* Exercise description *
Look below for the line with "Rhythm Lonavala - An", and from there restate every line word for word until the entries end.

*** Opening Data supplied ***

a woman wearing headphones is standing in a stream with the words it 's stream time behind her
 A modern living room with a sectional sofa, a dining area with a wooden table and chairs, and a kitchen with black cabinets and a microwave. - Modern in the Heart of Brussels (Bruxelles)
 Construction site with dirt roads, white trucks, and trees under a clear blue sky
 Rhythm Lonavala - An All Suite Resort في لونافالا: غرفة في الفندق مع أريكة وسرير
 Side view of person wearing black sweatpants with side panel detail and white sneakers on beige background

*** Closing Data supplied ***

* Written response *
 Rhythm Lonavala - An All Suite Resort في لونافالا: غرفة في الفندق مع أريكة وسرير
 Side view of person wearing black sweatpants with side panel detail and white sneakers on beige background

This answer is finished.